Boatos de que os Estados Unidos poderiam suspender o sinal civil do Global Positioning System (GPS) para o Brasil, em meio a atritos diplomáticos e judiciais, circularam com intensidade na segunda quinzena de julho de 2025 e provocaram apreensão sobre eventuais impactos na economia. A hipótese de aeronaves, veículos e equipamentos ficarem “sem latitude e longitude” foi descrita como capaz de paralisar setores inteiros. A análise de especialistas, porém, indica que o bloqueio do GPS seria pouco provável e, mesmo que ocorresse, não comprometeria o país da forma imaginada.
A discussão remete a 1999, quando o governo dos EUA ainda mantinha o recurso de selective availability — erro aleatório de até 100 metros inserido deliberadamente nos sinais civis desde o lançamento dos satélites, em 1978. Naquele ano, a Índia solicitou acesso ao serviço de alta precisão durante conflito com o Paquistão e recebeu negativa de Washington. O episódio acelerou iniciativas para criar constelações próprias de navegação por satélite, reduzindo a dependência global do sistema norte-americano.
Hoje, além do GPS, estão em operação o GLONASS (Rússia, 1982), o BeiDou (China, 2000), o Galileo (União Europeia, 2005), o QZSS (Japão, 2010) e o NavIC (Índia, 2013). Smartphones vendidos no Brasil já utilizam, de forma combinada, sinais dessas redes, aumentando a precisão e a resiliência. Aplicativos de mobilidade, como Waze e Uber, costumam alternar automaticamente entre as constelações disponíveis, sem intervenção do usuário.
Na aviação, a dependência dos satélites é ainda menor. A Agência Nacional de Aviação Civil (ANAC) exige que pilotos brasileiros dominem técnicas de radionavegação baseadas em estações VHF em solo, conhecidas pela sigla VOR. Esse sistema terrestre continua operacional mesmo que todos os sinais de GNSS sejam interrompidos. No campo, sensores agrícolas, receptores de agrimensura, equipamentos de telecomunicações e máquinas da indústria de petróleo que ainda utilizem apenas GPS podem ser substituídos por modelos multiconstelação, disponíveis no mercado.

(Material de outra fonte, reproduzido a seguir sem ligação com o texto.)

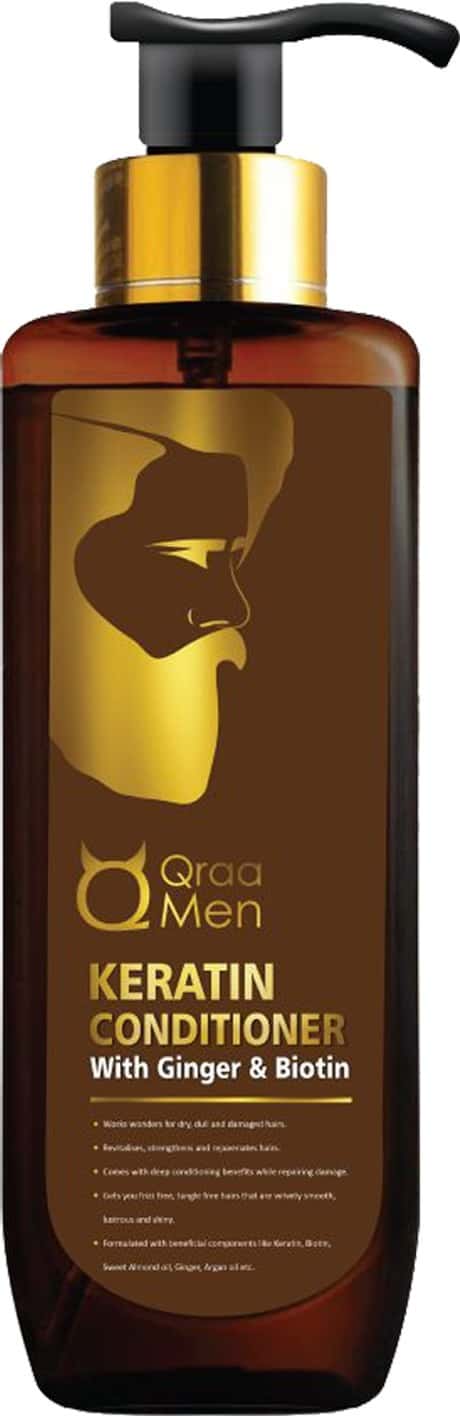 Qraa Men Keratin Conditioner With Ginger And Biotin For Dry And Damaged Hair - 200 Ml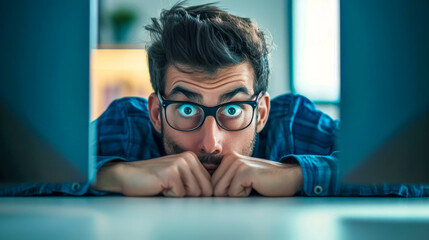 Shocked designer looking at laptop with eyes wide open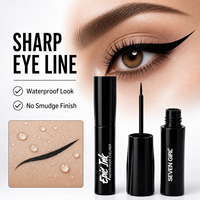 SEVEN GIRL Eyeliner liquide waterproof longue tenue, anti-bavures, haute pigmentation, noir, pointe de précision, maquillage, marque privée, 10 ml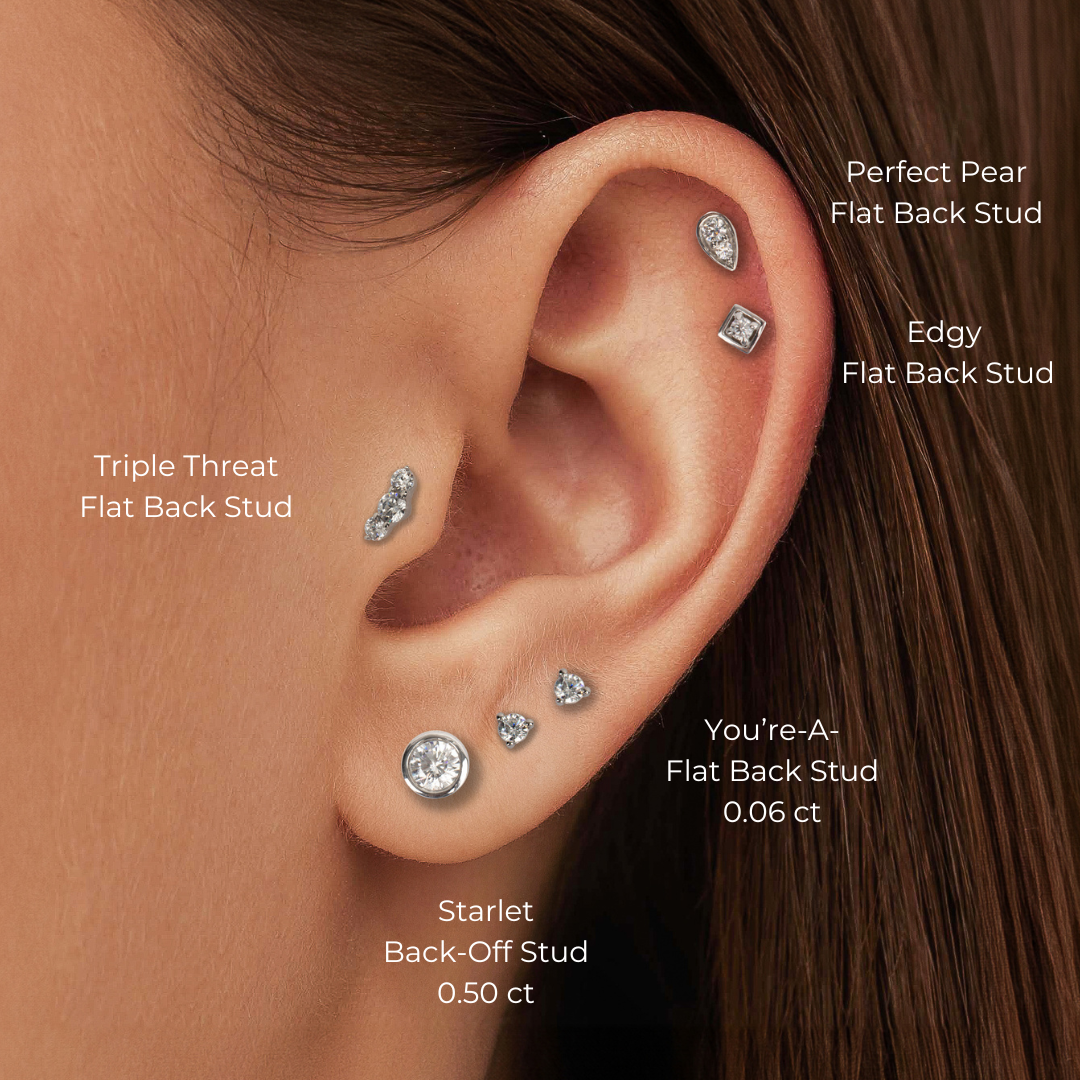 The Starlet Back-Off Stud in 14K White Gold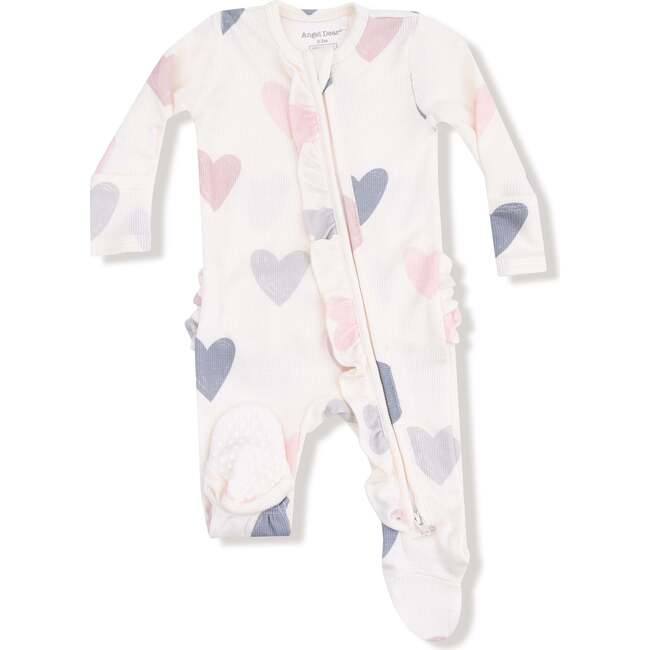 2 Way Ruffle Zipper Footie Hearts, Modal Rib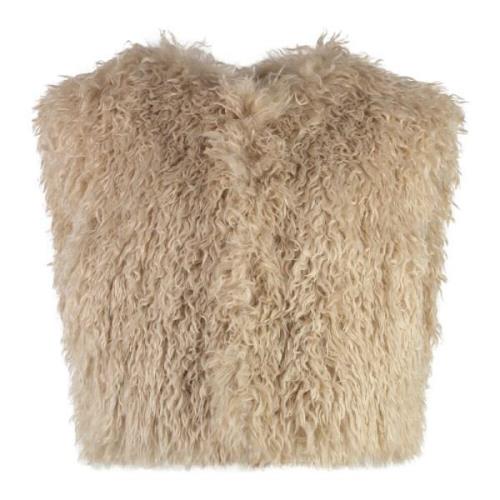 Faux Fur Waistcoat with Pockets Isabel Marant , Beige , Dames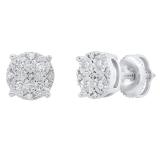 0.15 Carat (cttw) Round Lab Grown White Diamond Ladies Cluster Style Stud Earrings 10K White Gold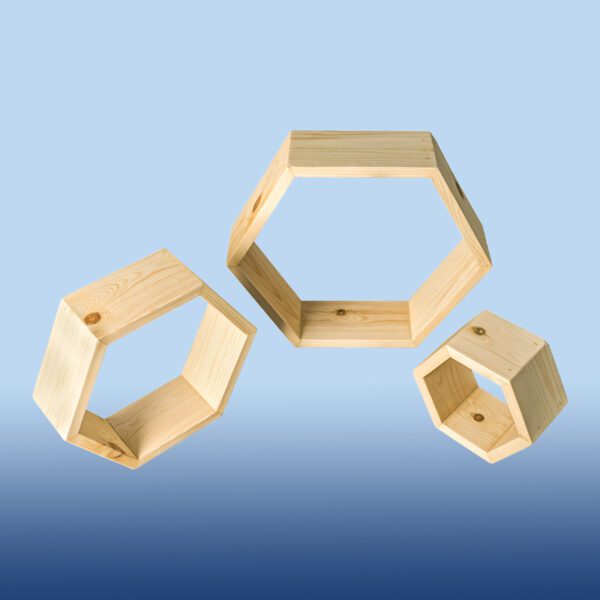 Hexagonal Wooden Shelf: Aesthetic and Functional Addition to Every Corner in Your Home, Three Pieces Strong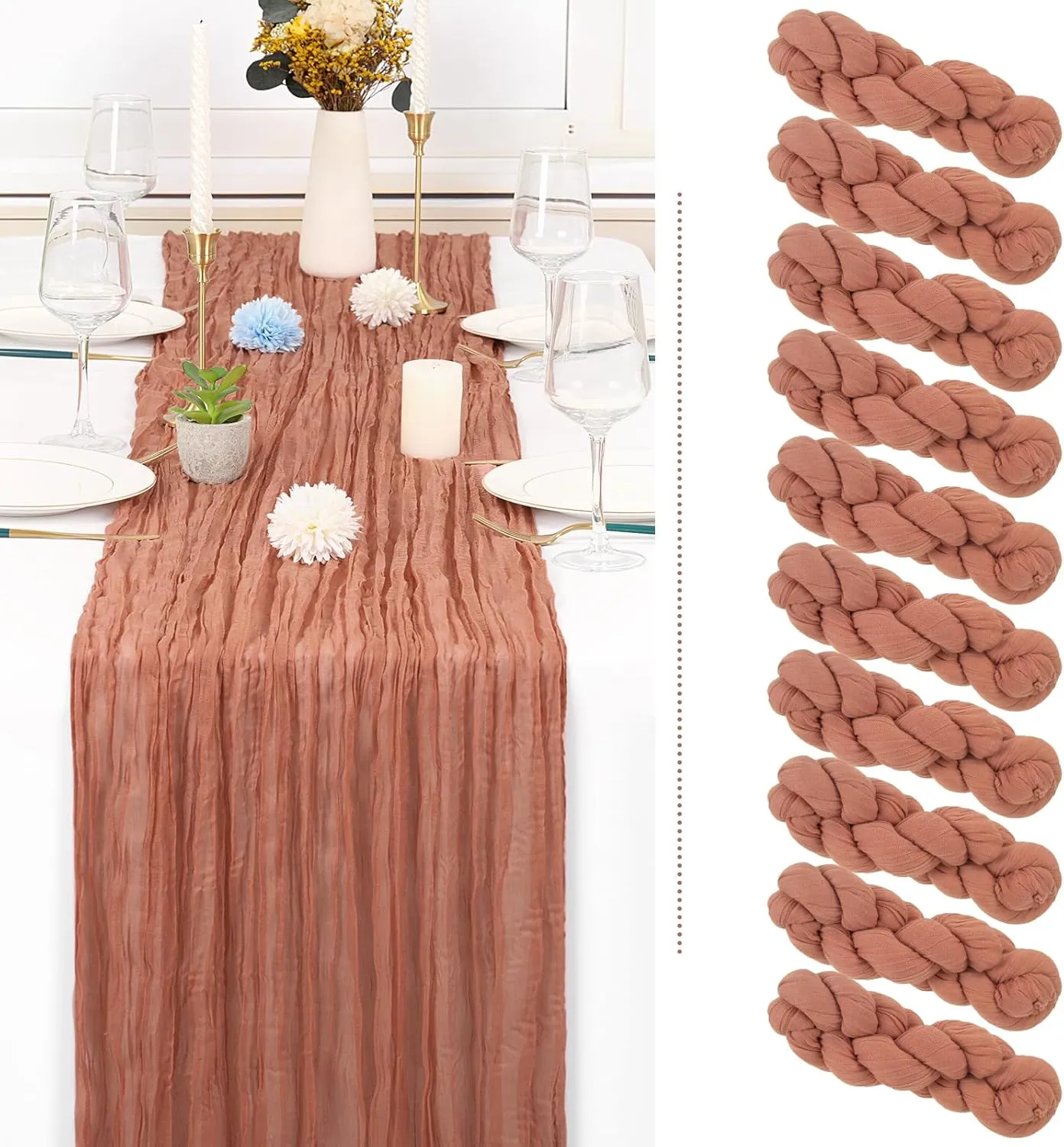 10 Pack Cheesecloth Table Runner Dusty Blush Gauze Table Runner 10FT Long Semi-Sheer Table Runner Boho or Rustic Wedding Table Decor for Wedding Arch Draping Valentine's Day Easter Holiday Party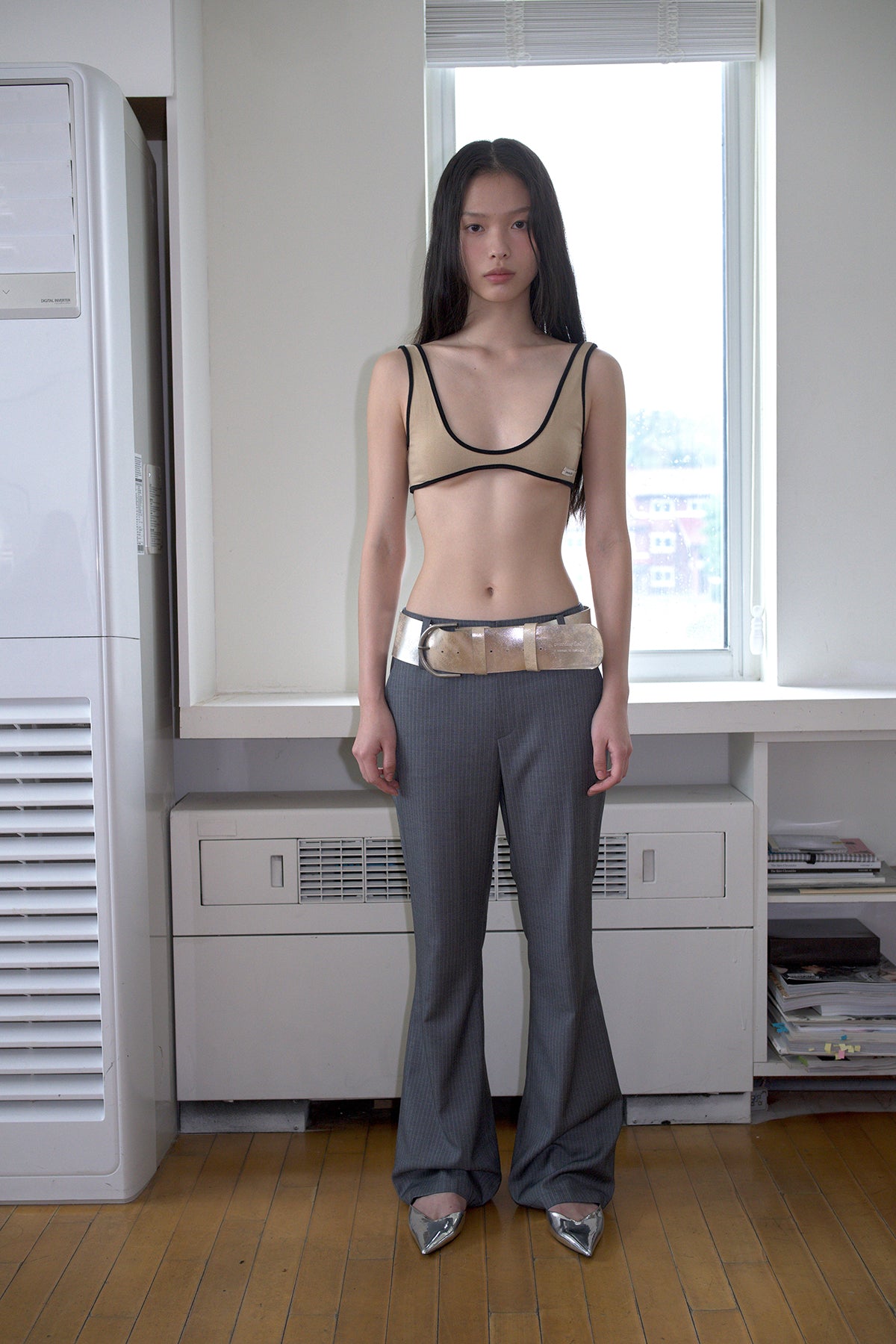 Overdueflair Curved Piping Bralette Beige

Diante desse cenário, a eventual suspensão do GPS pelos Estados Unidos não aparece como a principal vulnerabilidade do Brasil. A preocupação real, apontam profissionais de tecnologia, está na ampla adoção de softwares e serviços em nuvem desenvolvidos por empresas norte-americanas. Plataformas de fornecedores como Dell, Microsoft, Cisco, IBM, Oracle, Amazon, Google e Meta são usadas em larga escala por organizações públicas e privadas brasileiras como base para operações críticas.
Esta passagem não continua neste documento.